In 1972, Mr. Dahlberg was head of Midwestern fund-raising for the Nixon reelection campaign when he was approached by his friend Dwayne Andreas, who had turned the Archer Daniels Midland Co. into a farm-products giant. Andreas wanted to contribute to the Republicans but also wanted to conceal it from his friend Hubert H. Humphrey, the Democratic senator and former vice president.
Hoping to avoid disclosing the contributions under new campaign finance laws, Andreas gave $25,000 to Mr. Dahlberg. Mr. Dahlberg converted the money into a cashier’s check written to himself and gave the check to Maurice Stans, finance chairman for the Nixon campaign.
The check ended up in the account of Barker, a Cuban-American former CIA agent, in a bank in Boca Raton, Fla. Mr. Dahlberg later said that he had no idea how the money got there. He was never charged. The Barker account, and the Dahlberg check, came to light after a Miami prosecutor, Martin F. Dardis, received a tip from a police friend in Washington that the bills Barker had carried were new and numbered consecutively, suggesting that they had come from a bank.

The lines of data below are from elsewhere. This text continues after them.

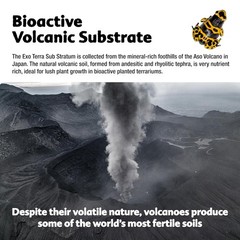Exo Terra Sub Stratum, Bioactive Volcanic Substrate for Reptile Terrariums, Elim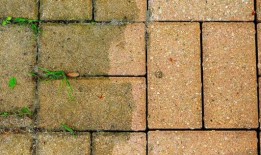 用35便士的厨房主食清洁庭院，而不是导致“不可逆污渍”的普通物品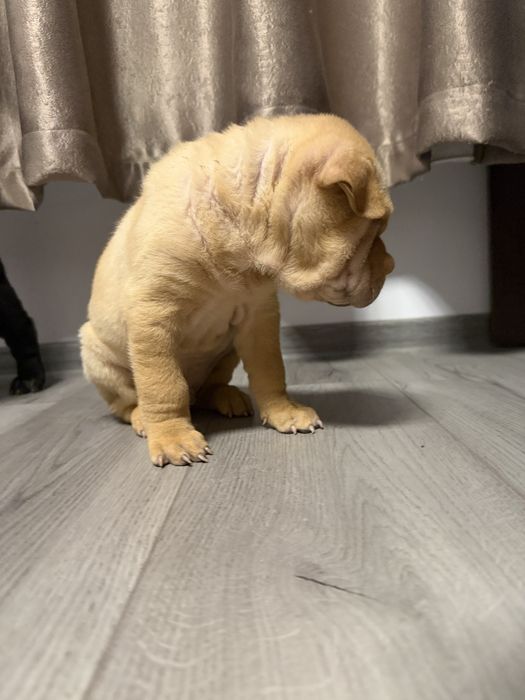 Shar Pei dragalasi
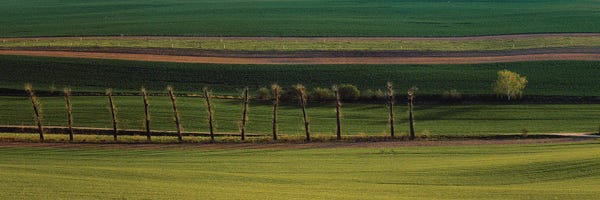 Hillsides: Lines by Pavel Oskin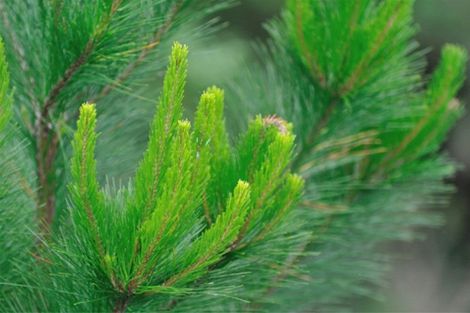 Photo of property in 393 Thongcaster Road, Eyrewell, West Eyreton, 7495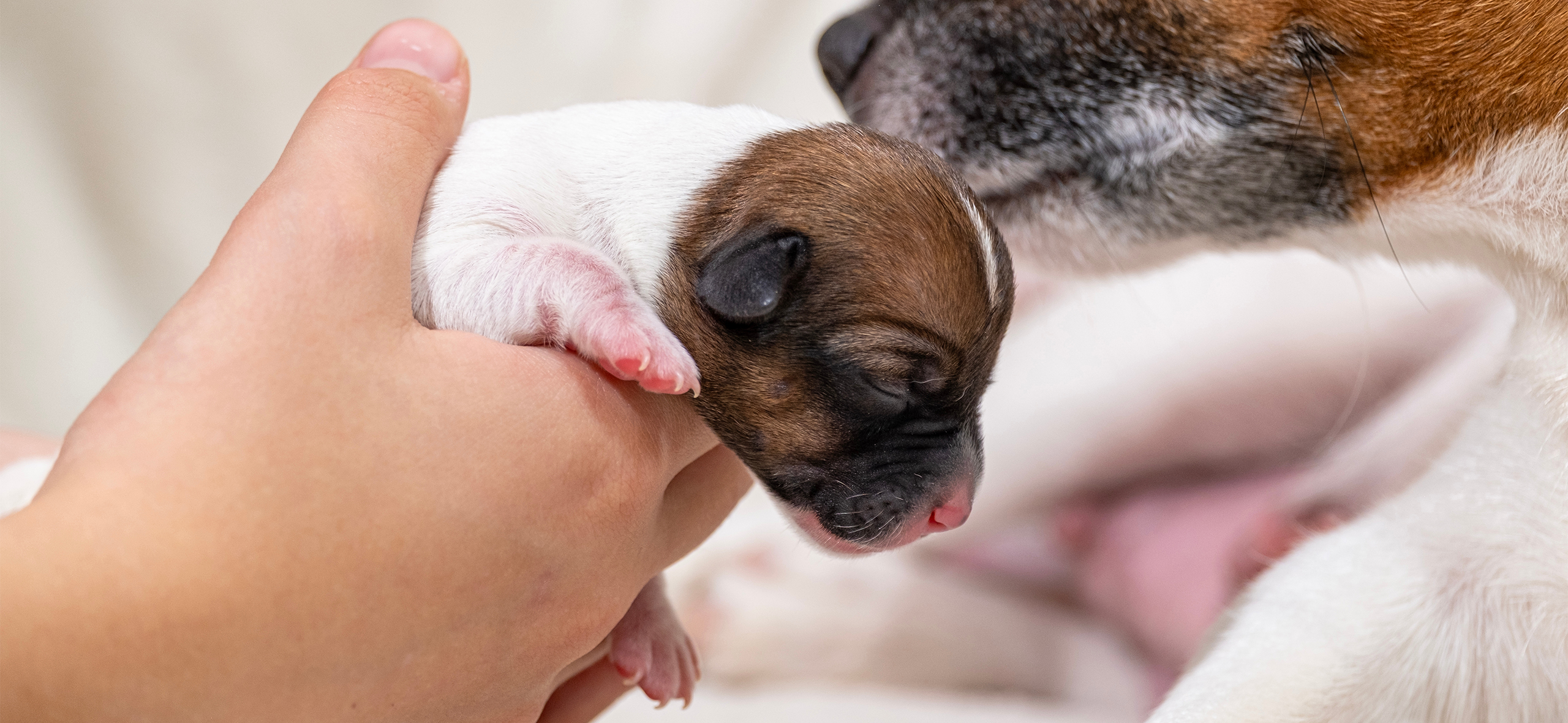 Как проходит бере­мен­ность у собак и что делать, если она незапланиро­ванная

Dardis traced the bills to the Boca Raton bank and subpoenaed its records to learn the identities of Barker and Mr. Dahlberg.
By then, Woodward and Bernstein were pursuing the story. Meeting with Bernstein in Miami, Dardis told him of the Dahlberg connection. Unable to reach Mr. Dahlberg at his home in Boca Raton and having no other number, Woodward asked a Post librarian to see if there was anything on Mr. Dahlberg in the paper’s files. The librarian found a picture of Mr. Dahlberg with Humphrey. Humphrey was from Minnesota. On a hunch, Woodward called information in Minneapolis and got a number for a Kenneth H. Dahlberg. Mr. Dahlberg answered the phone, acknowledged the $25,000 check and, saying, “I know I shouldn’t tell you this,’’ according to the Woodward-Bernstein book, proceeded to reveal that he had given the check to Stans.
On Aug. 1, the Post was able to report the connection between a Nixon fund-raiser and a Watergate burglar. In the book, Woodward and Bernstein recounted what Barry Sussman, the city editor, said as he edited the article: “We’ve never had a story like this. Just never.’’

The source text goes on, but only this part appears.